Navajo couple to ‘share their stories’ at anthropology museum

Lupita and Jon McClanahan, both members of the Diné or Navajo Nation, will present a lecture on Navajo culture and the preservation of their traditions in today’s American culture at Wake Forest University’s Museum of Anthropology March 22 at 7:30 p.m.

The lecture, titled “Navajo Journey: Sharing Our Stories in a Multicultural World,” is free and open to the public.

During the lecture, the McClanahans will share details of everyday Navajo culture, including weaving and religion, traditional techniques of health and healing and the hopes and dreams of Navajo children.
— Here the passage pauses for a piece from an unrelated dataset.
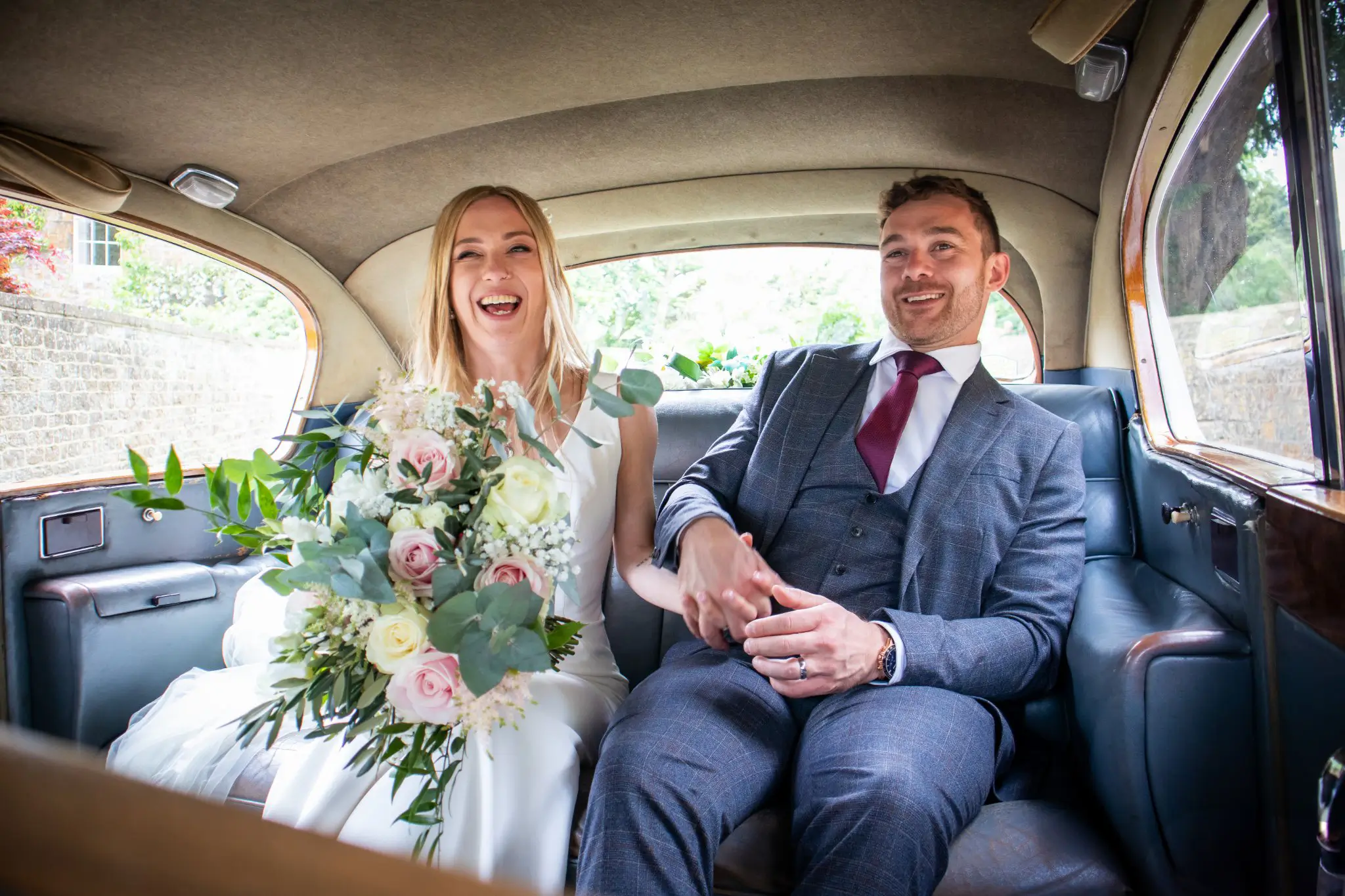 newly married wedding couple in wedding car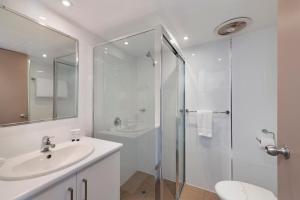 a white bathroom with a sink and a shower at Don Pancho Beach Resort in Bargara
Their presentation will be accompanied by photographs from the book “Crossing Between Worlds: The Navajo of Canyon de Chelly,” written by Wake Forest Professor of Anthropology Jeanne Simonelli and photographed by Charles Winters. Through the stories of Lupita McClanahan’s family, the book tells the story of contemporary Navajo people.

For the past 18 years, the McClanahans have worked in various ways to live out the words Lupita’s grandfather spoke many years ago in Canyon de Chelly in Arizona: “Share all stories. It beautifies Mother Earth, especially in different voices. It’s bad if all stories become one; there’s no more stories, no more life.”

The couple has worked for the National Park Service, as hosts and guides for college students and now as leaders of Footpath Journeys of Canyon de Chelly.

Canyon de Chelly is a national monument located in northeastern Arizona that is comprised entirely of land belonging to the Navajo nation. It contains the ruins of villages built between A.D. 350 and 1300 and has a multi-layered history, including Navajo, Puebloan and Hispanic associations. The canyon has been home to the Navajo since the 1700s, and it continues to be a place of residence and a location of great sacred significance to native communities.

The lecture is co-sponsored by the Wake Forest Department of Anthropology and the Museum of Anthropology.